As she followed Jack across the front office towards the street, she noticed that the ginger-haired guy was missing from his seat.
‘Everything we needed to know?’ she demanded as she caught up with Jack outside.
‘Well, we found out that he wasn’t going to talk. That tells us something. Whatever happened to Brian Shaw, this is about more than just a disappearing estate agent.’
They rounded a corner and found the black SUV where Jack had left it, parked outside the Hilton. Jack gave the young doorman a familiar smile. ‘Everything OK, Simon?’
The doorman smiled back. ‘I know you, Jack Harkness, you only want me for my parking facility.’
Jack grinned. ‘Well, you’re handy when I’m carrying a heavy load. I know you’ll take care of it for me.’
Gwen tuned out of Jack’s flirting, and spotted the ginger-headed office junior watching them. He was still looking anxious. More than ever. Gwen started to move towards him, treading carefully like he was a small animal ready to run for cover.
‘Hello,’ she said. ‘Do you want to talk?’
The office junior had one last second thought – she could actually see it pass through his mind, as his eyes flashed past her, charting an escape route – then he asked her, ‘What did the old man tell you about Brian?’
‘Well, I don’t think he told us the truth.’
‘He isn’t off on a bender. I’d know if he was. The old man, he doesn’t know, but me and Brian we’re… friends. I’d know if he was feeling the strain, he’d have told me. The old man is covering up.’
‘Covering what up?’ Gwen asked. Behind her, Jack had seen her with the office junior and was joining them.
The office junior hesitated.
‘It’s OK, you can trust us,’ Jack told him. ‘Whatever it is, just spit it out.’
‘It’s that place. SkyPoint.’
‘What about it?’ asked Gwen.
‘They’re trying to keep it quiet. The place cost millions and it’s still more than three-quarters empty. If word got out about the people disappearing there-’
‘People?’ Jack snapped. ‘Brian Shaw isn’t the first? This has happened before?’
The office junior flashed an uneasy look around him, scanned the street for faces that he knew, anyone from work. ‘Christ, if anyone finds out I talked to you…’
‘I understand you’re worried about your job,’ Gwen told him, ‘but you have to tell us what you know.’
The junior shook his head. ‘My job? There’s plenty of jobs. It’s my neck I’m worried about. You don’t know the kind of people that have got money in SkyPoint.’
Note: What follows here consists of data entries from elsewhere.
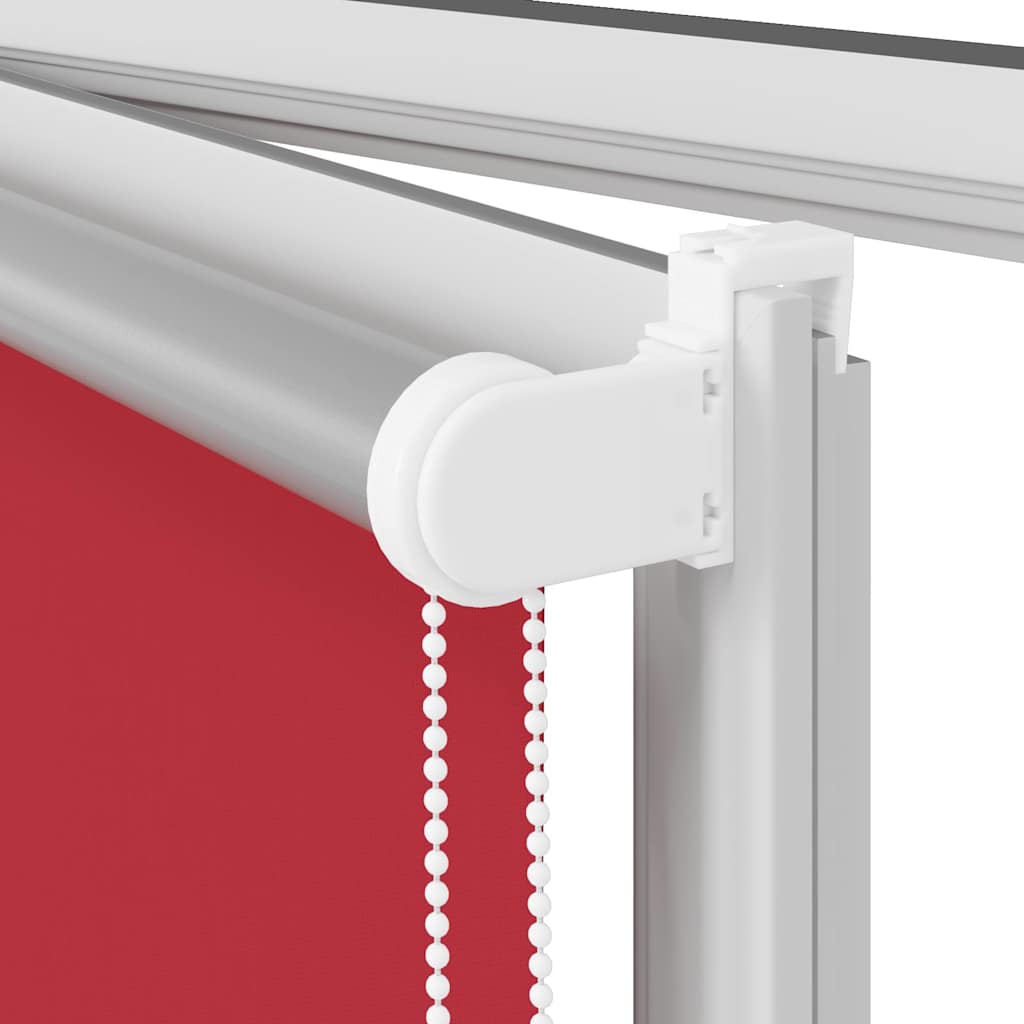 vidaXL Roller Blind Blackout Red 155x150 cm Fabric Width 151.6 cm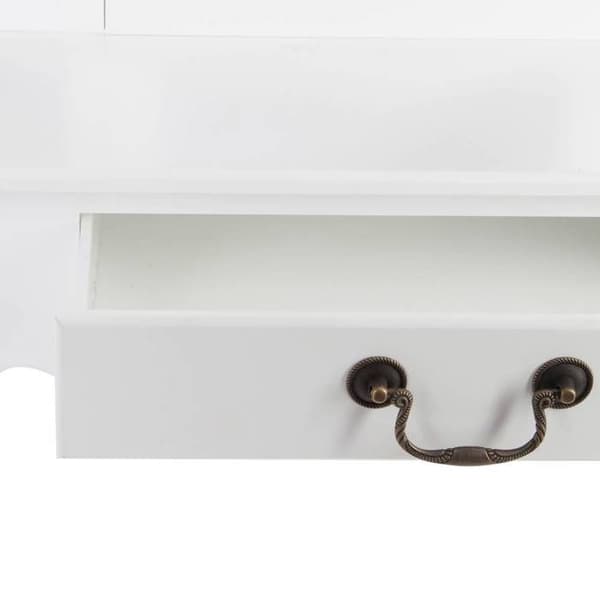Sminkbord - AC-DÉCO - Aurell - Vit - 1 låda - 3 speglar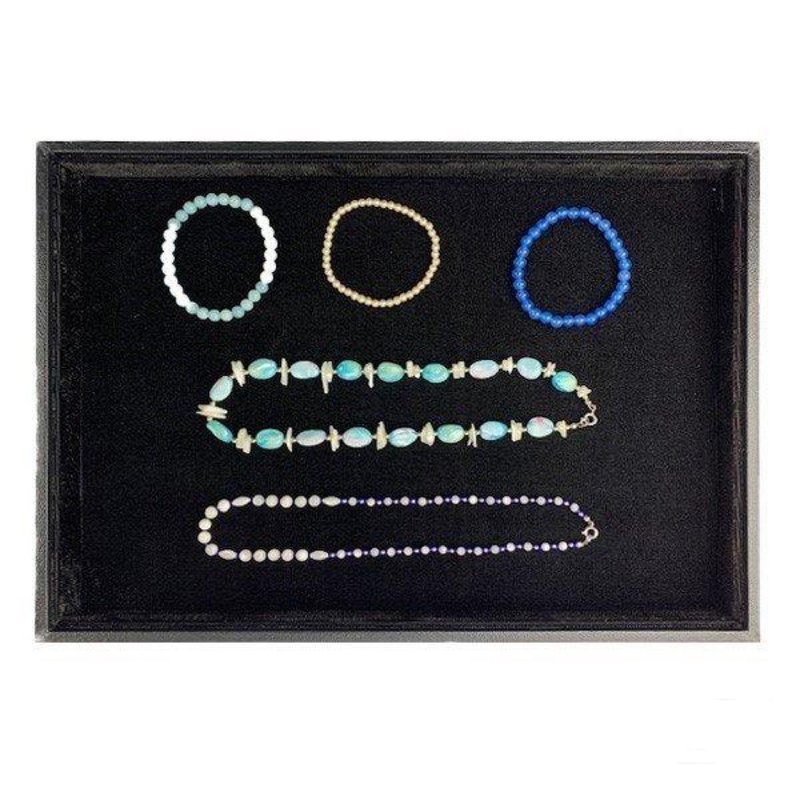 Tray Leather Accessory Case - 收纳用品 - 棉．麻 黑色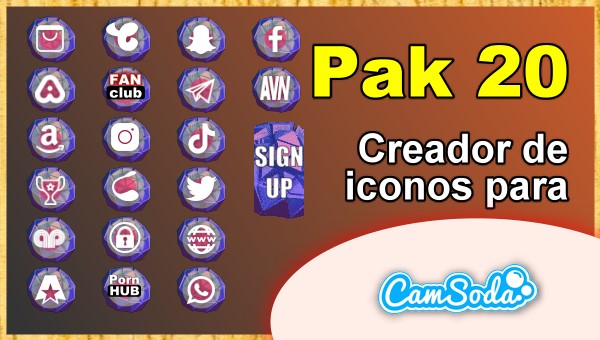 CamSoda – Pak 20 – Generador de iconos para tus redes sociales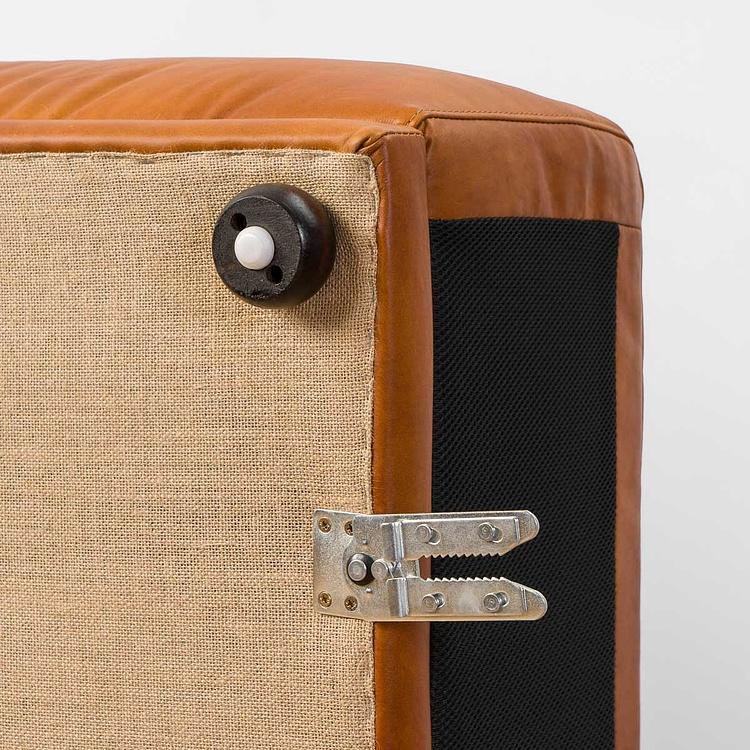 Трёхместный диван Севилья, красно-коричневые ножки Sevilla 3 Seater, Red Brown Wood D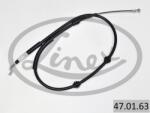 LINEX Cablu, Frana De Parcare Stanga 47.01. 63 Vw Multivan T5/Transporter T5 (47.01.63)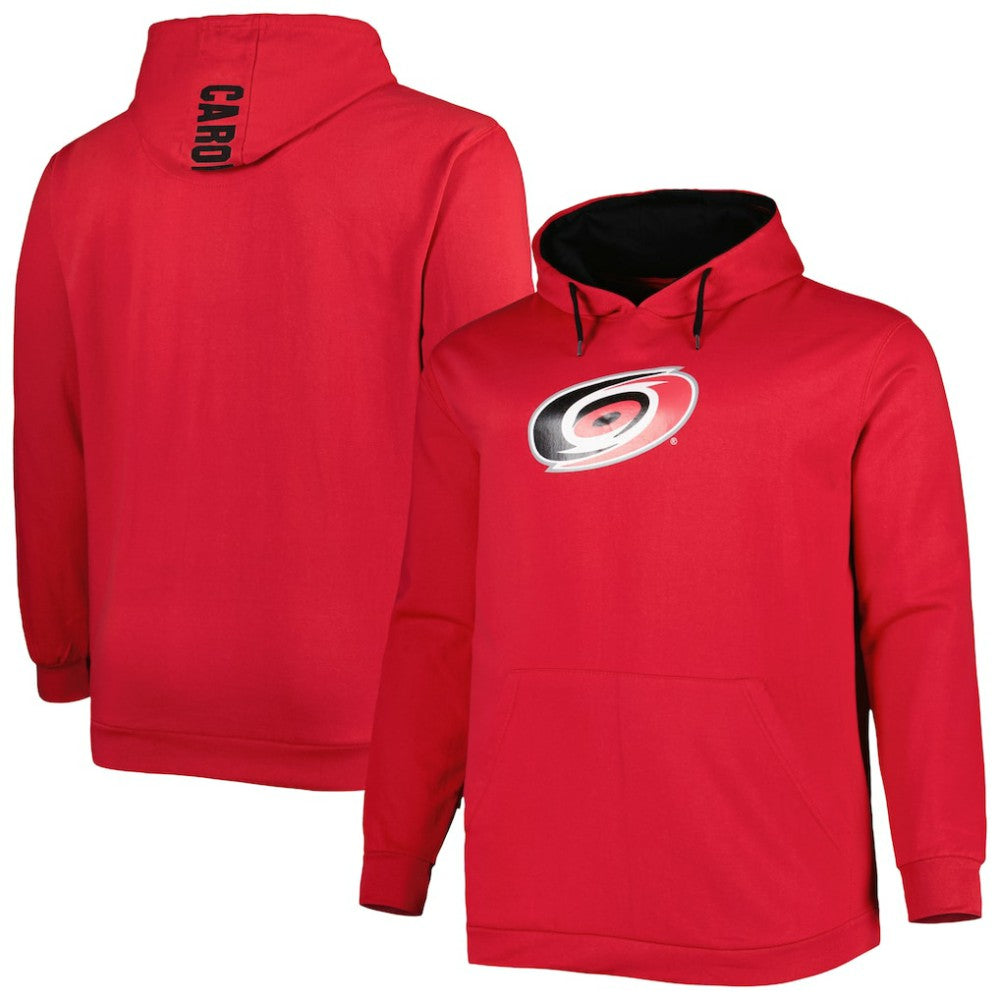 Carolina Hurricanes - Big & Tall Fleece Pullover Hoodie Red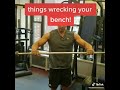 3 Things Wrecking your Bench! #benchpress #chest #shorts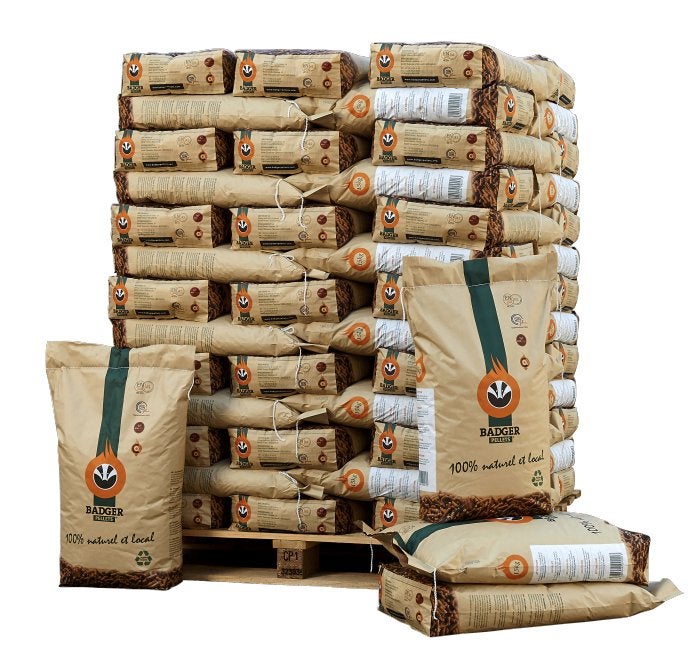 pellets badger, Ophalen of Verzenden, Pallet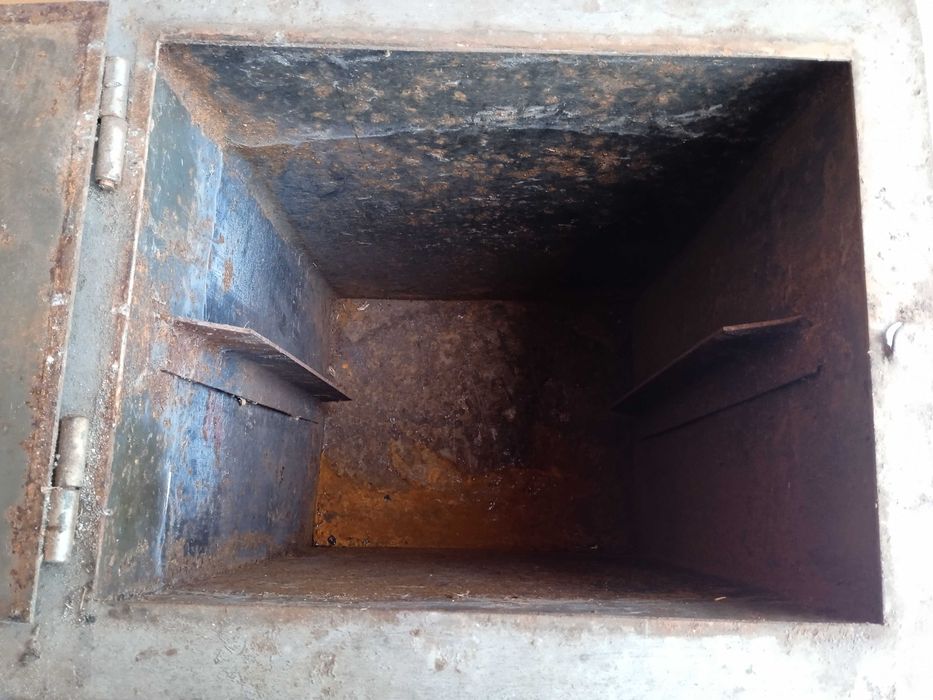 Духовка для грубки/пічки металева 44×30×23 см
Gwen remembered the man that lived in the penthouse. ‘Besnik Lucca?’
‘Yeah, well then, you know what I’m talking about. Men like that want to see a return on their investment. It doesn’t matter to them that there’s something wrong with the place.’
‘So how many people are we talking about?’ Jack wanted to know. ‘How many have disappeared?’
‘Four that I know of. Not counting Brian. At first we thought it was just people running out on their payments, but not one of them was caught by the security cameras leaving. And those cameras spot everyone going into SkyPoint and coming out. The only way you can get out of that place without being picked up on video is jumping off the roof.’
‘Well, if they’d done that, you’d know about it,’ said Jack, dry as sand.
The office junior looked from Jack to Gwen, confused and scared. ‘Where do they go? Where’s Brian gone?’
Gwen touched his shoulder gently. ‘We’re going to find out. I promise you.’